Nippon Steel Aims to Acquire Additional Coking Coal and Iron Ore Assets
Nippon Steel Aims to Acquire Additional Coking Coal and Iron Ore Assets

Nippon Steel Aims to Acquire Additional Coking Coal and Iron Ore Assets

  • 01-Dec-2023 6:21 PM
  • Journalist: Jacob Kutchner

Nippon Steel, the fourth-largest steelmaker globally, remains committed to actively seeking stakes in coking coal and iron ore mines as part of its strategic approach to securing a stable supply of crucial raw materials and mitigating the potential impacts of price fluctuations.

In a recent significant development, Nippon Steel, in collaboration with a consortium led by Glencore, finalized one of the mining sector's largest deals in years. The consortium, which includes Nippon Steel, agreed to acquire the steelmaking coal unit of Canadian miner Teck Resources for a substantial $9 billion. Within this deal, Nippon Steel is set to invest approximately $1.34 billion for a 20% stake in the venture.

Highlighting the rationale behind the continued pursuit of such investments, Executive Vice President Takahiro Mori emphasized the anticipation of a rise in coking coal prices due to tightening supply in the medium term. He attributed this tightening to limited investments in mines driven by the push for carbon neutrality.

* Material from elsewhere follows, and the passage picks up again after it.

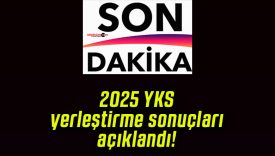 2025 YKS yerleştirme sonuçları açıklandı!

Mori asserted the critical importance of securing the company's interests in the face of evolving market dynamics.

Nippon Steel, as Japan's premier steelmaker, already holds stakes in several coking coal mines, constituting about one-fifth of its annual coal imports, which total 25 million metric tons. The Teck Resources deal is poised to further increase Nippon Steel's share to around 30%. While approximately 60% of the company's products are sold to term customers with pricing mechanisms linked to raw material costs, the remaining 40% are commodity products susceptible to market fluctuations. Mori expressed the strategic objective of enhancing self-sufficiency to approximately 40%, encompassing both coal and iron ore, to mitigate the impact of raw material price fluctuations on market products.

Currently, Nippon Steel sources 20% of its 50 million tons of iron ore imports from its equity holdings. The recently acquired 20% stake in Teck's coking coal business is anticipated to contribute significantly to Nippon Steel's annual profit, with an estimated boost of about $476-543 million based on prevailing prices.

In early announcements this month, Nippon Steel raised its net profit forecast by 11% to 420 billion yen for the fiscal year ending in March. This positive adjustment was attributed to improved margins in the first half of the year. Notably, the company's profit from overseas operations received an unusual boost from a substantial special gain arising from its Indian joint venture with ArcelorMittal. This joint venture employs natural gas, instead of coking coal, for steel production. Despite being a one-off gain, Mori clarified that the unit would continue to hedge LNG prices through long-term contracts to mitigate the risks associated with price volatility.

Nippon Steel's proactive pursuit of stakes in coking coal and iron ore mines reflects a strategic imperative to fortify its raw material supply chain and navigate the evolving landscape of market dynamics, contributing to the company's overall resilience and competitiveness in the steel industry.